Le Score d’Influence est ainsi la première mesure de l’engagement durable sur les réseaux sociaux puisqu’il prend en compte l’exhaustivité des interactions dans la durée (sur une période de 12 mois consécutifs), sur des plateformes pourtant conçues pour l’instantanéité où la durée de vie des publications est très brève (la durée de vie moyenne d’une publication LinkedIn est de 24 heures et celle d’un Tweet de quelques heures uniquement). 

L’indicateur ultime et le meilleur moyen de connaître et mesurer l’étendue de son influence sur les réseaux sociaux professionnels. Contenu authentique et impactant, média positif et mesure de l’engagement durable : tous les ingrédients pour construire et tirer les bénéfices d’une démarche Influence for good.

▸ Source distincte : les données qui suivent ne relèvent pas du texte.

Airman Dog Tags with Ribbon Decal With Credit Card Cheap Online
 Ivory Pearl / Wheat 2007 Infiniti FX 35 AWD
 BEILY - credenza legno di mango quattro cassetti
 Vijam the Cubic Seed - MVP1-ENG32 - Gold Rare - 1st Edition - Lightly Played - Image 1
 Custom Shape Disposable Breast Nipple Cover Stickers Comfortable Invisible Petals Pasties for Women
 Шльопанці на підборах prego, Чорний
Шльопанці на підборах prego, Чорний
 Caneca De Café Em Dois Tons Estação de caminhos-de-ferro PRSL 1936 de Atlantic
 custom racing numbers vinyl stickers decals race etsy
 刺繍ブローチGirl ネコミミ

Sources : Etude Comex les plus influents du SBF 120 AmazingContent, 2021 / Observatoire des entreprises à mission, 2021 / societeamission.com, 2021 / La responsabilité est aussi un « défi média » pour les marques, CB-Expert 2021

Entrent dans la liste des entreprises du SBF 120 celles présentes le 9 novembre 2020 sur le site Euronext. Avant la dernière révision de la composition de l’indice par le Conseil scientifique d’Euronext annoncée le 10 décemvre 2020, et la sortie de l’indice de DEVOTEAM suite à l’OPA en fin d’année.